AI // ENCYCLOPEDIA / MACHINE LEARNING / 14 / ENSEMBLES INDEX NEXT: BOOSTING LIBRARIES →
MACHINE LEARNING · CHAPTER 14 / 15

Ensemble Methods

A single tree overfits, a single shallow model underfits, and any single model is a single point of failure. Combine many weak models the right way and their errors largely cancel, the most dependable improvement in applied machine learning. This chapter derives why ensembling works from the bias-variance-covariance decomposition, then walks the three families that exploit it: bagging (reduce variance), boosting (reduce bias, stagewise), and stacking (let a meta-model learn the blend).

LEVELCORE READING TIME≈ 24 MIN BUILDS ONCH 04 · 06 INSTRUMENTSVARIANCE DROP · STAGEWISE FIT · STACKER
14.1

Why ensembles win — the error decomposition

Start from the only identity that matters here. For a squared-error regression target \(y = f(x) + \varepsilon\) with irreducible noise \(\mathrm{Var}(\varepsilon) = \sigma^2\), the expected test error of an estimator \(\hat f\) — averaged over the randomness in the training set — splits into three terms that cannot interfere with one another:

EQ M14.1 — BIAS-VARIANCE DECOMPOSITION $$ \mathbb{E}\big[(y - \hat f(x))^2\big] \;=\; \underbrace{\big(f(x) - \mathbb{E}[\hat f(x)]\big)^2}_{\text{bias}^2} \;+\; \underbrace{\mathbb{E}\big[(\hat f(x) - \mathbb{E}[\hat f(x)])^2\big]}_{\text{variance}} \;+\; \underbrace{\sigma^2}_{\text{noise}} $$
Bias is how far the average model is from the truth (systematic error — too rigid). Variance is how much the model jitters as the training set is resampled (instability — too flexible). Noise is the floor no model can beat. Each ensemble family attacks a different term: bagging shrinks variance, boosting shrinks bias, and a good stack can chip at both. The decomposition is exact for squared loss; for 0–1 classification it only holds in spirit, which is why we reason in regression first.
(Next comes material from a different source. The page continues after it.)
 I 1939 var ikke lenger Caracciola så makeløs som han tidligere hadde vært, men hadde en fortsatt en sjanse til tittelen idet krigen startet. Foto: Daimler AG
Now average \(k\) models. Let each \(\hat f_j\) have the same variance \(\sigma_m^2\), and let any two of them have correlation \(\rho\). The variance of their average is the whole story of ensembling in one line:

EQ M14.2 — VARIANCE OF A CORRELATED AVERAGE $$ \mathrm{Var}\!\left(\frac{1}{k}\sum_{j=1}^{k}\hat f_j\right) \;=\; \rho\,\sigma_m^2 \;+\; \frac{1-\rho}{k}\,\sigma_m^2 $$
Two regimes live inside this equation. As \(k \to \infty\) the second term vanishes and you are left with \(\rho\,\sigma_m^2\) — the correlation floor. If the members are independent (\(\rho = 0\)) the average has variance \(\sigma_m^2/k\): error falls like \(1/k\), a true free lunch. If they are identical (\(\rho = 1\)) you gain nothing — averaging a model with copies of itself changes nothing. Every variance-reduction trick in this chapter is an attempt to push \(\rho\) down without letting \(\sigma_m^2\) blow up. Averaging does not touch bias: the mean of \(k\) equally-biased models keeps that bias intact.

Two consequences follow immediately. First, ensembling helps most when the members are good but different — accurate (small \(\sigma_m^2\)) yet decorrelated (small \(\rho\)). Second, there is a hard limit: no amount of averaging beats the correlation floor \(\rho\,\sigma_m^2\), so the engineering game is decorrelation, not just adding more models. This is exactly why random forests randomize the features at each split (it lowers \(\rho\)) and why diverse model classes stack better than ten retrained copies of the same gradient-boosted tree.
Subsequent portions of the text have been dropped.